A portion of those books arrived at the Read Aloud office in Charleston at the end of March. For more than eight hours on Saturday, March 25, volunteer students from Bridge Valley Community and Technical College and Charleston Catholic High School helped package and prepare more than 7,200 books for distribution to 32 Read Aloud West Virginia member schools throughout the state.

These generous volunteers performed a myriad of tasks, including making sure each book received a Read Aloud book plate so the student receiving the book could proudly write his or her name in his or her very own, brand new book. Additionally, students pushed shopping carts around tables in the Columbia Gas building auditorium with “shopping lists” for each school, packaged and labeled shipping boxes, and then loaded the boxes into the rental van for delivery.

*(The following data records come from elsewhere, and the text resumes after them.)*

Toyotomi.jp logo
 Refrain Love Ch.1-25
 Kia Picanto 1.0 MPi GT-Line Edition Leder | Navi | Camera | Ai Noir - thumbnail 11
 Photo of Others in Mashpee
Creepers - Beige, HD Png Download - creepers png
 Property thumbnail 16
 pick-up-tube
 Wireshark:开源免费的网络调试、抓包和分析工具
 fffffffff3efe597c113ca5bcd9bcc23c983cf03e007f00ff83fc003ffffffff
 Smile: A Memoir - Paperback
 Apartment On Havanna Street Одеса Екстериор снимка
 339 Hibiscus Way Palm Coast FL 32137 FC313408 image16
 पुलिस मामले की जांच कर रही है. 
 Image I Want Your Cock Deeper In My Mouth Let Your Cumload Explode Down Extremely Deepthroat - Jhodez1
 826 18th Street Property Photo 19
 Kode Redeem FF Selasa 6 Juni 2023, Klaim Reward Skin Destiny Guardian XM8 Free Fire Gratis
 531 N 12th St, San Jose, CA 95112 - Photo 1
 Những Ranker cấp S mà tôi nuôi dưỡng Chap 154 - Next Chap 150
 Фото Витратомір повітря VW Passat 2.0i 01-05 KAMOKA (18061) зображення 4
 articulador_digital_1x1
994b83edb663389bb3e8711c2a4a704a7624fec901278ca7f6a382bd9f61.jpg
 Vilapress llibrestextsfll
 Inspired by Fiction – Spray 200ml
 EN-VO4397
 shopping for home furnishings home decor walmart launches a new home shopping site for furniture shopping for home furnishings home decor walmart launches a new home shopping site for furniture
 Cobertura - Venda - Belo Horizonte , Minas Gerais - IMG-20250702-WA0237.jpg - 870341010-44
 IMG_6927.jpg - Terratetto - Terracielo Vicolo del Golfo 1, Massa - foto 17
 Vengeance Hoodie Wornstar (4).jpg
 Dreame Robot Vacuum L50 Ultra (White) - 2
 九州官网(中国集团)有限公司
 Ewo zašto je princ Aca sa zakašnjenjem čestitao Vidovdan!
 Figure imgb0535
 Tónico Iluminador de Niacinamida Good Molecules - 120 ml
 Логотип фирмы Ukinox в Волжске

Each enrolled Read Aloud West Virginia school received 20 books per Read Aloud classroom, and deliveries were made to member schools before the end of the school year.

Executive Director Mary Kay Bond noted the importance of getting these books in the hands of students before the end of the school year, just in time to highlight the importance of summer reading among all students.

“Far too often children lose reading skills over the summer due to a lack of reading,” said Bond. “The result is that teachers have to spend important classroom time at the beginning of the next school year bringing students back to their previous skill level. This remediation time is not necessary if children maintain skills over the summer, and they can do so by reading.”

A second shipment of books is being prepared for distribution at a later time. Once the remaining books are added to the count, Read Aloud West Virginia will have distributed more than 11,000 books from the National Book grant throughout the Mountain State.